DaVonte Lambert rounds out the group of incoming defensive ends. He played this past season at Georgia Military College in Milledgeville, Ga., where he collected 36 tackles, eight sacks and four fumble recoveries.
Recruiting services have ranked Lambert as the nation’s top-ranked junior college defensive lineman, and he has the skills to give the Tigers numerous options.
“On first and second down, he can be a really strong run-stopping defensive end. In a third-down situation you can put him inside and create mismatches on pass rush,” Garner said. “He has a lot of versatility. He has (a) demeanor and character that reminds me of (senior lineman) Jeff Whitaker. I’m excited about his leadership and what he’s going to bring to the room.”
Lambert won’t be the only new face from Georgia Military College joining the fray this fall. Teammate Devaroe Lawrence, who hails from Greenville, S.C., committed to Auburn last summer. While Lambert is still a bit raw after sitting out the 2012 campaign, Garner liked that, knowing there are plenty of areas he can help Lawrence shore up.
Most importantly, Lawrence will have three years of eligibility at Auburn thanks to his redshirt season at GMC.
“He has a lot of ability,” Garner said. “I think he can definitely help us in the rotation, especially with the athleticism he brings to the position. I think we got more athletic inside than what we were. I’m excited about his development.”
If it wasn’t for Garner, the final member of Auburn’s new crop of linemen likely never would have left his home state of Georgia. Dontavius Russell, a highly-touted tackle from Carrollton, Ga., was a longtime Georgia commitment until December, when he pledged to Auburn. In the end, the Tigers had an advantage the Bulldogs couldn’t match: Garner and Russell’s uncle, Dennis Wallace, were teammates at Auburn in the 1980s.
Russell’s talent, while readily apparent — he was a first-team all-state selection after recording 62 tackles (7.5 for loss) and three sacks last fall — didn’t keep his future position coach from singing his praises.
“He's explosive. He's quick. He can run,” Garner said. “He's smart. He's strong at the point of attack. He's a true inside guy that not only can play the run, but he has some quickness and athleticism and can create a pass rush."
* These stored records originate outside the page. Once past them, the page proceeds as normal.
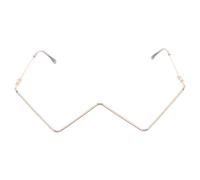 SKISUNO Golden Metal Semi-rimless Lensless Eyeglasses Frame | Lightweight No-lens Design, Chic Stylish Look, for Birthday and Banquet Occasions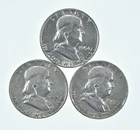 Higher Grade - 1953 1954 1957 Franklin Half Dollar 90% SIlver Lot *127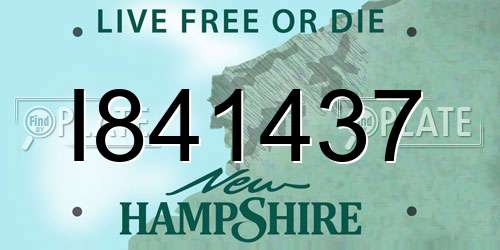 I841437 New Hampshire License Plate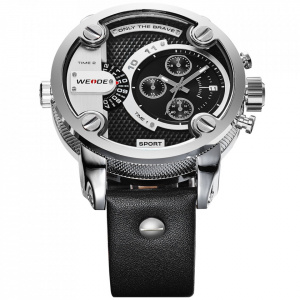 Ceas WEIDE, Quartz, Casual Sport, Negru, Curea Piele, WH3301-1C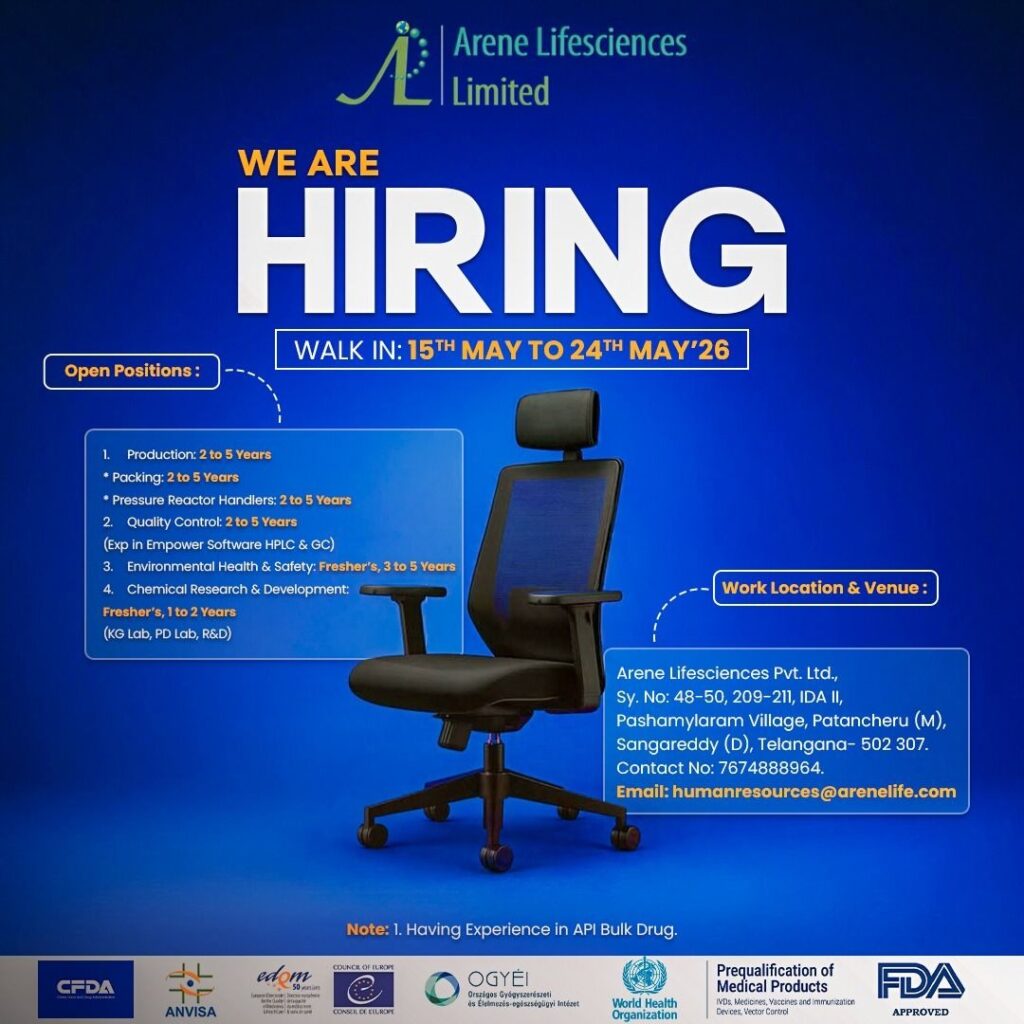 Arene Lifesciences Walk-In Interview for Production, QC, EHS & R&D Roles in Telangana on 15th May to 24th May 2026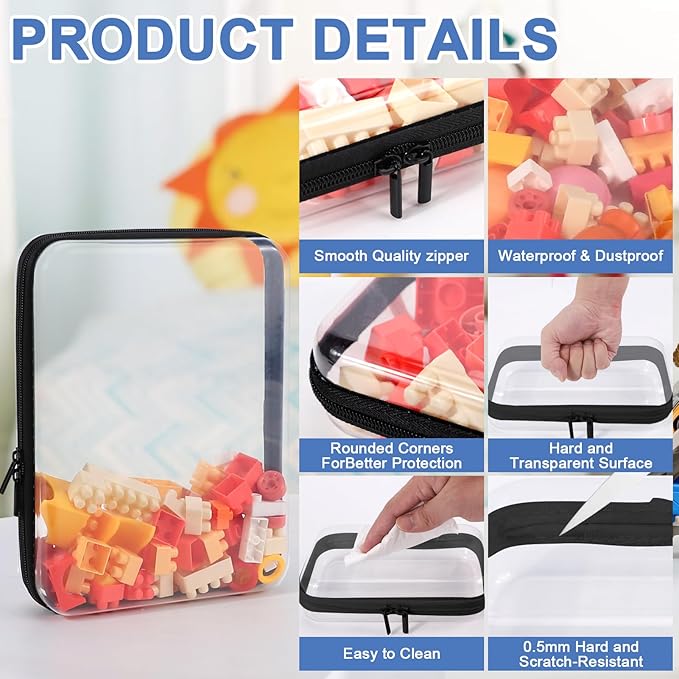YOPCDJ 3 Pack Clear Hard Shell Zipper Case, Clear Zipper Pouches Waterproof Makeup Organizer & Travel Toiletry Bag, Plastic Pouch for Travel Office Storage, Black,3 Pack, LMS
Identifying those types of characteristics was more difficult last year. Malzahn’s tenure as Auburn’s coach was barely two months old. At that point, the Tigers were scrambling to fill out their class before signing day.
One year later, the coaching staff knows exactly what it wants when it hits the recruiting trail.
Consider the Tigers’ new batch of defensive linemen as a perfect example of that ideal.
“Our guys got a whole year to really go after the type of body type, the type of athleticism and everything that goes with that for each position,” Malzahn said. “That’s what’s exciting for our coaches — they had a full year to not only identify it, but recruit the guys. It’s very good."